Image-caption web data
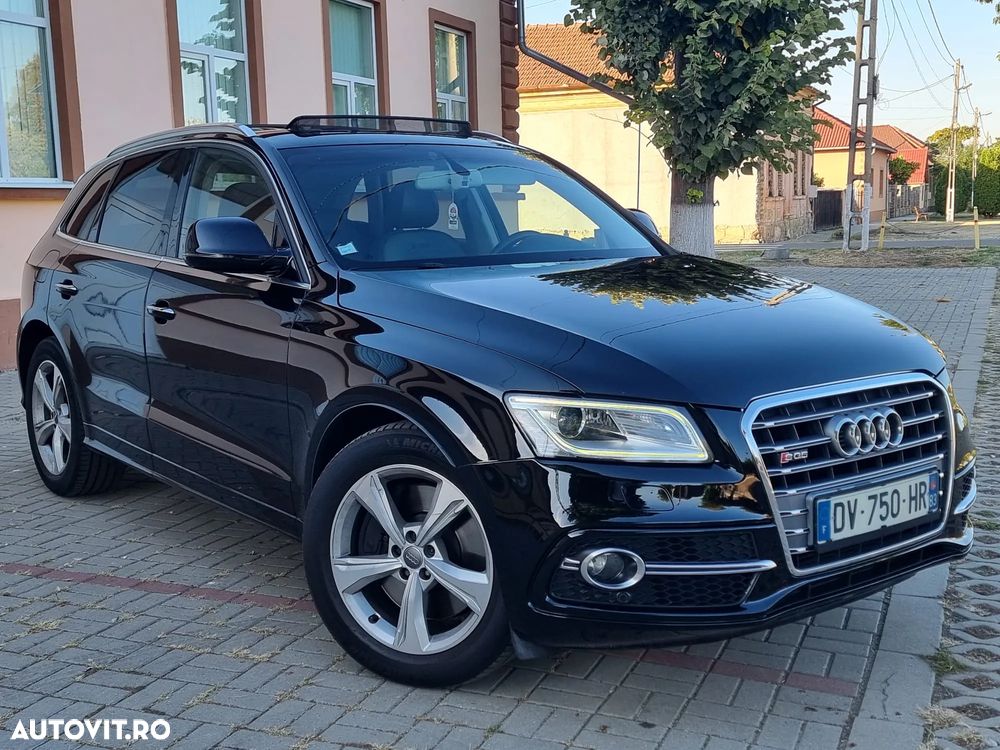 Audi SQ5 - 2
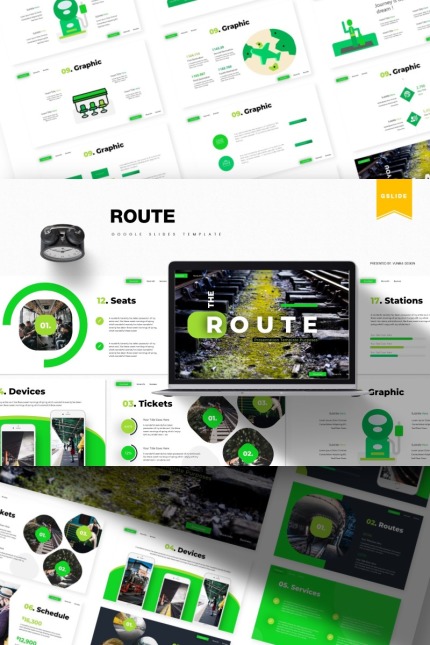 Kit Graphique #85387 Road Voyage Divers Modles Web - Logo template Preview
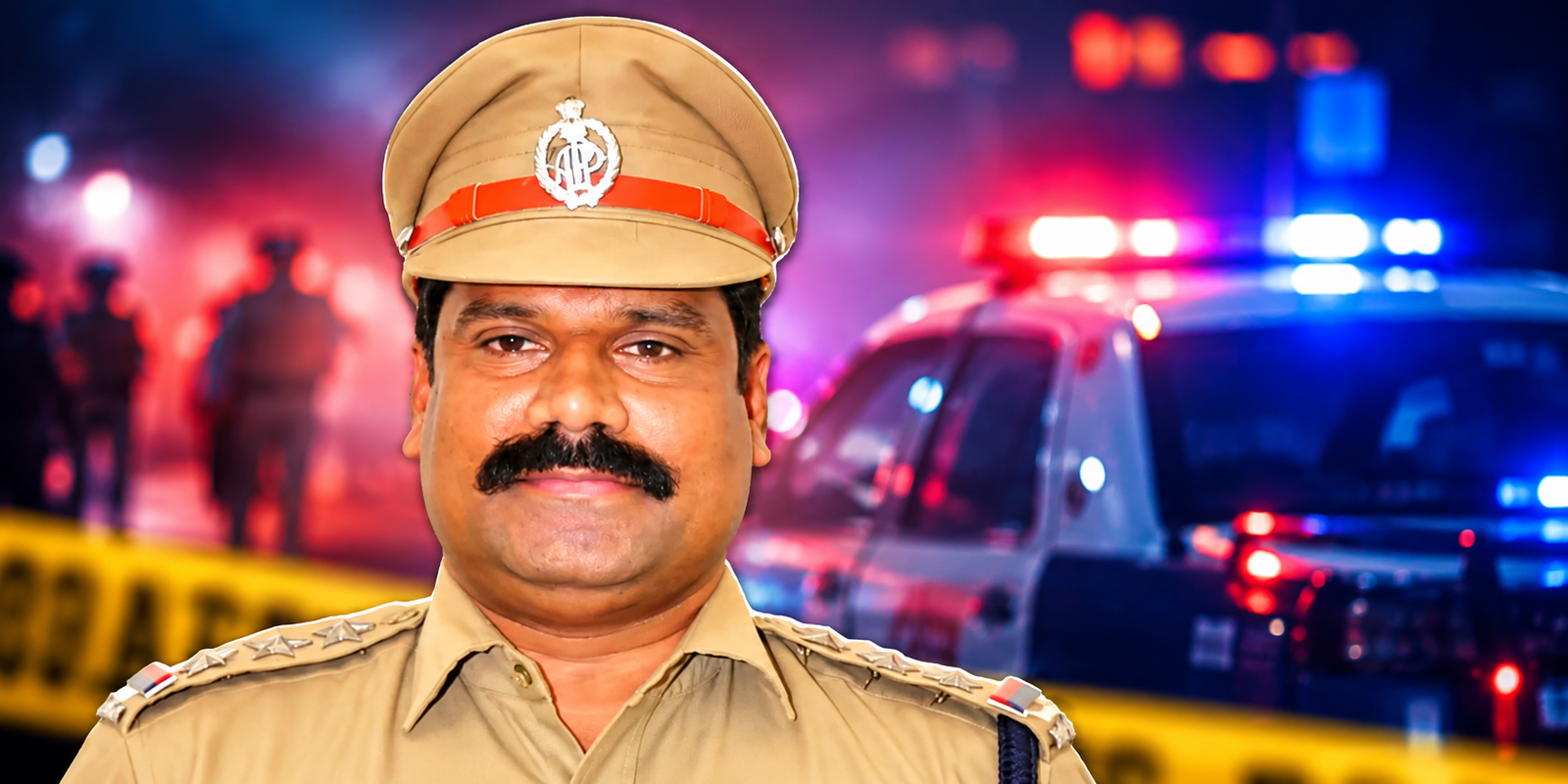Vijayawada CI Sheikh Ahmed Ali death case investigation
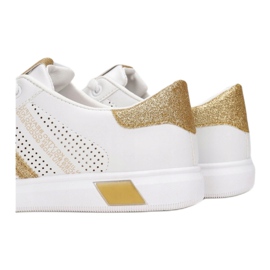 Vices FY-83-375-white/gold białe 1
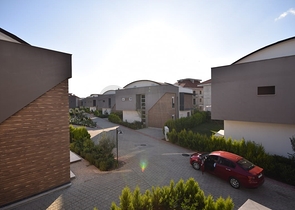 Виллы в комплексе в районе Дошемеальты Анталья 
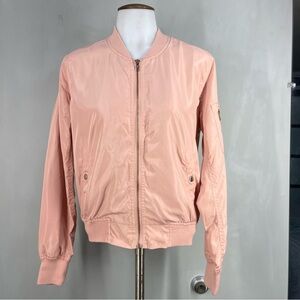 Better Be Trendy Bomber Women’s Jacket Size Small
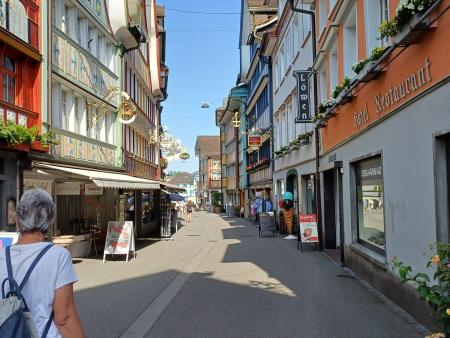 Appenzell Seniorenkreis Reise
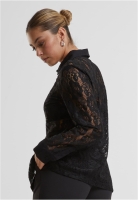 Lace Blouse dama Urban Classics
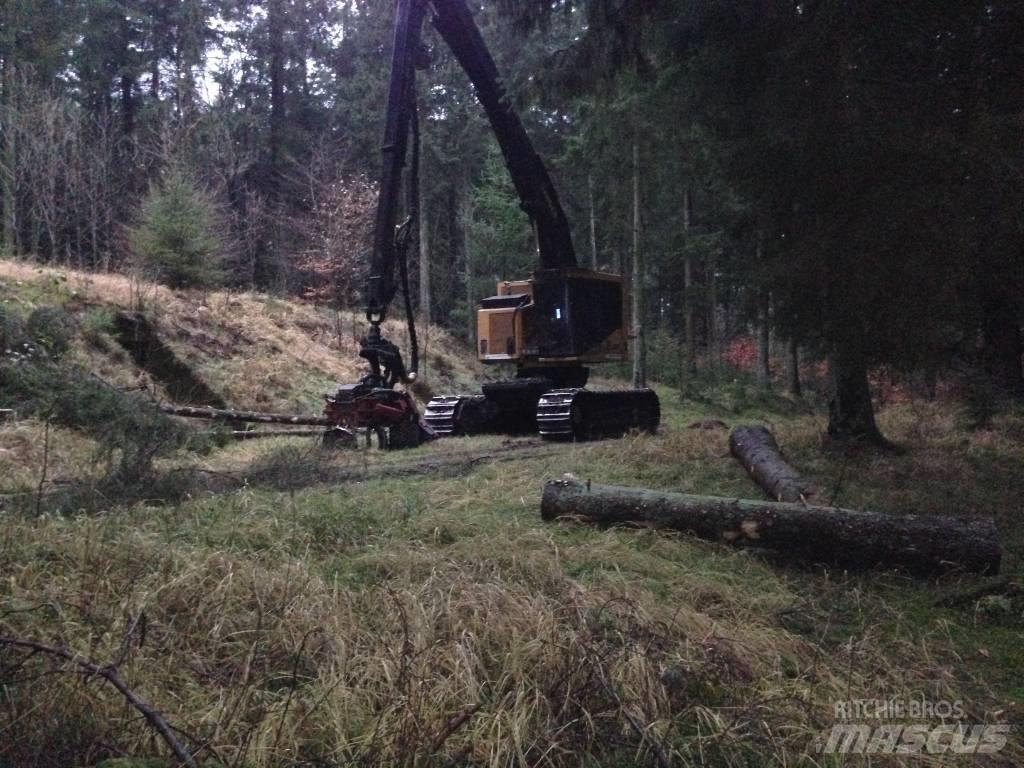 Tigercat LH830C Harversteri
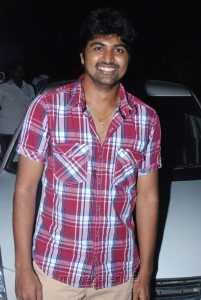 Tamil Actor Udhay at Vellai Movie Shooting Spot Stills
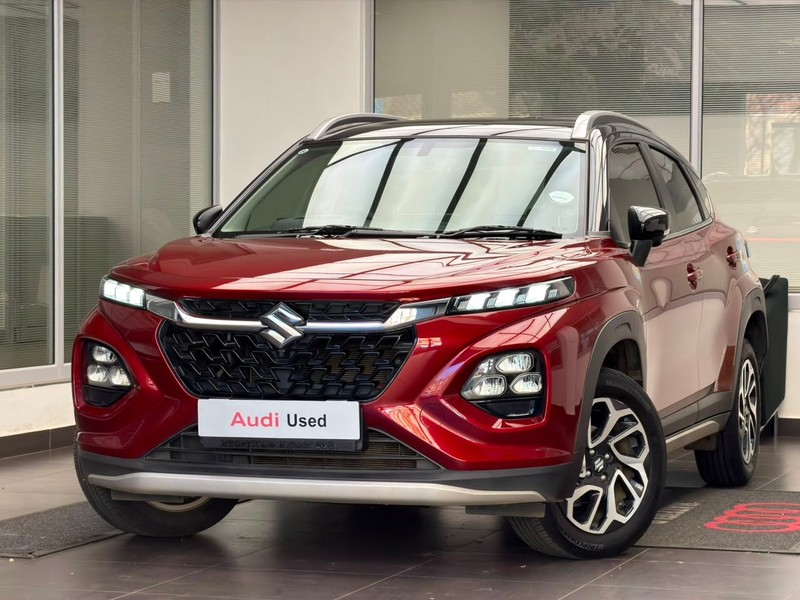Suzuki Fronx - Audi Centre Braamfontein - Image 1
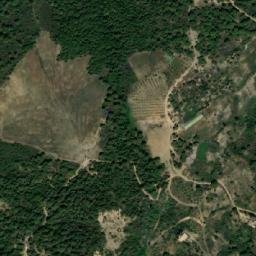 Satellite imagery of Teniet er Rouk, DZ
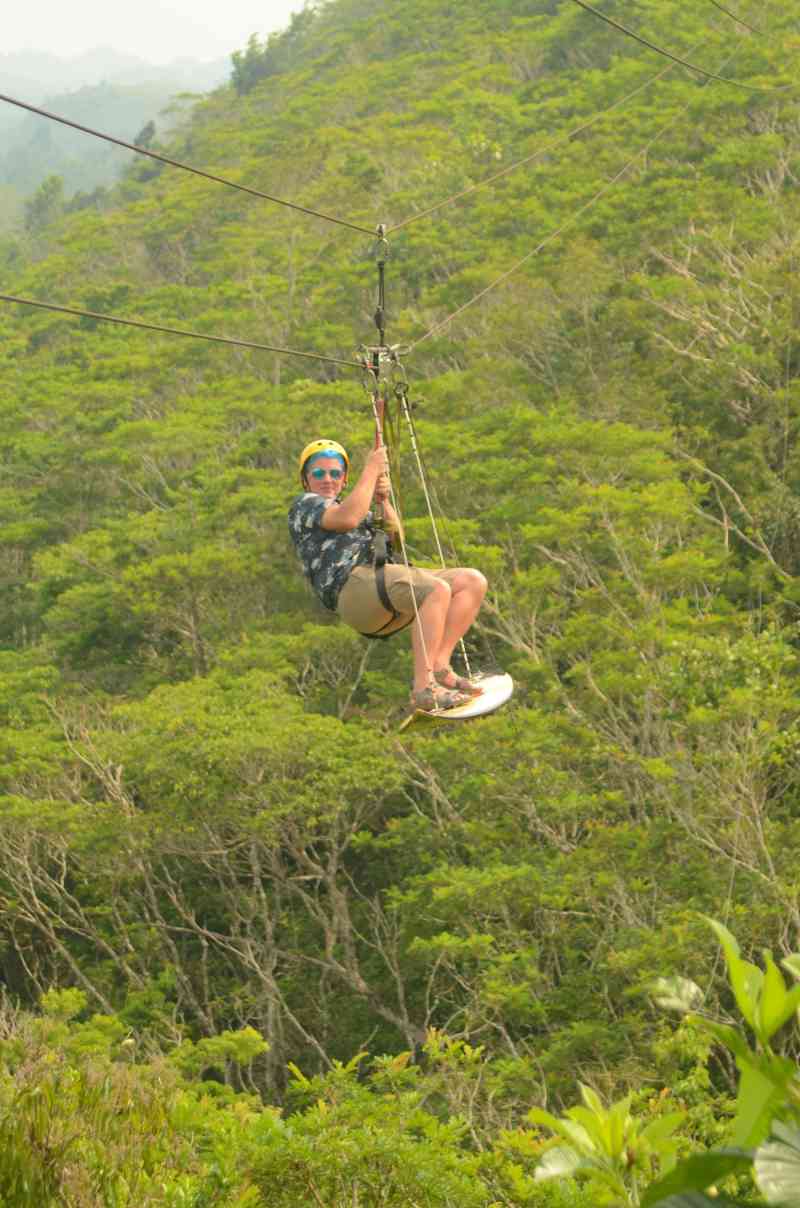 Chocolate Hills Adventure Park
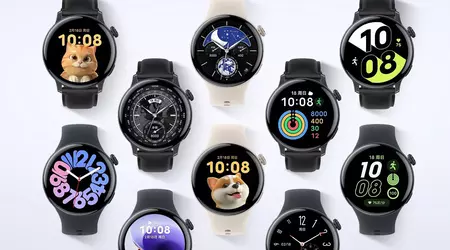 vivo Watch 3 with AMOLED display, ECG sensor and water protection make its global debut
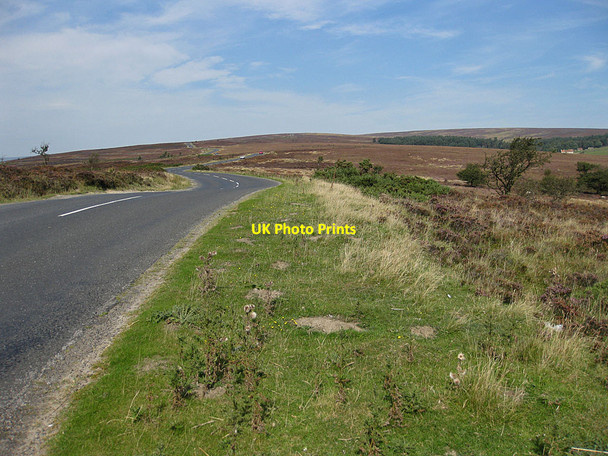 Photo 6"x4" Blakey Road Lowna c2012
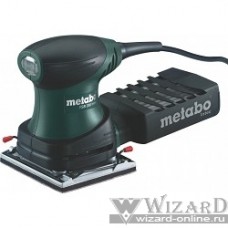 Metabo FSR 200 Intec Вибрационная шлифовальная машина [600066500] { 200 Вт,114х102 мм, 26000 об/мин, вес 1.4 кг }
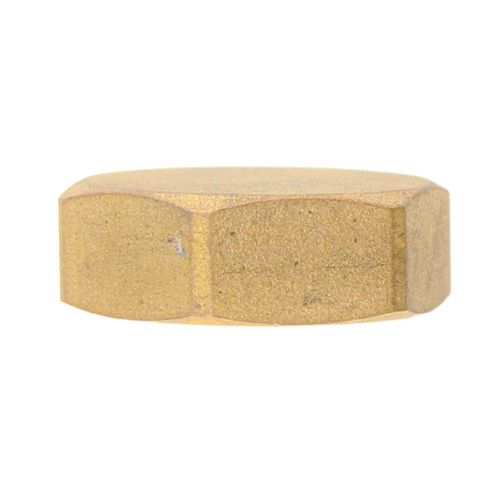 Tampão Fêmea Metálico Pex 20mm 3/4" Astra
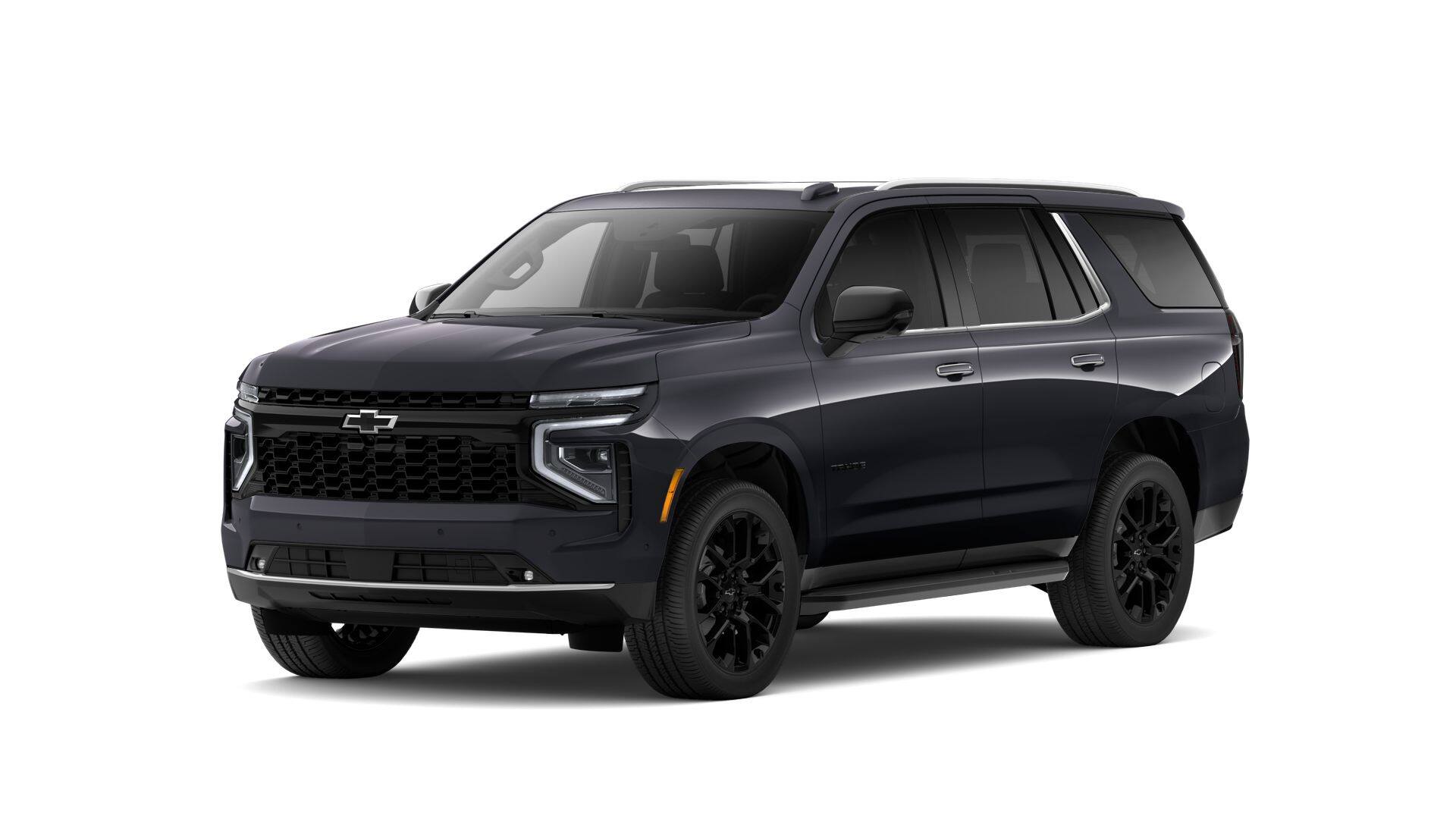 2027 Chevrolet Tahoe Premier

◆ **Assignment**
Copy every record verbatim while leaving each picture out.

◆ **Output for this exercise**
 Audi SQ5 - 2
 Kit Graphique #85387 Road Voyage Divers Modles Web - Logo template Preview
Vijayawada CI Sheikh Ahmed Ali death case investigation
 Vices FY-83-375-white/gold białe 1
 Виллы в комплексе в районе Дошемеальты Анталья 
 Better Be Trendy Bomber Women’s Jacket Size Small
 Appenzell Seniorenkreis Reise
 Lace Blouse dama Urban Classics
 Tigercat LH830C Harversteri
 Tamil Actor Udhay at Vellai Movie Shooting Spot Stills
Suzuki Fronx - Audi Centre Braamfontein - Image 1
 Satellite imagery of Teniet er Rouk, DZ
 Chocolate Hills Adventure Park
 vivo Watch 3 with AMOLED display, ECG sensor and water protection make its global debut
 Photo 6"x4" Blakey Road Lowna c2012
 Metabo FSR 200 Intec Вибрационная шлифовальная машина [600066500] { 200 Вт,114х102 мм, 26000 об/мин, вес 1.4 кг }
 Tampão Fêmea Metálico Pex 20mm 3/4" Astra
 2027 Chevrolet Tahoe Premier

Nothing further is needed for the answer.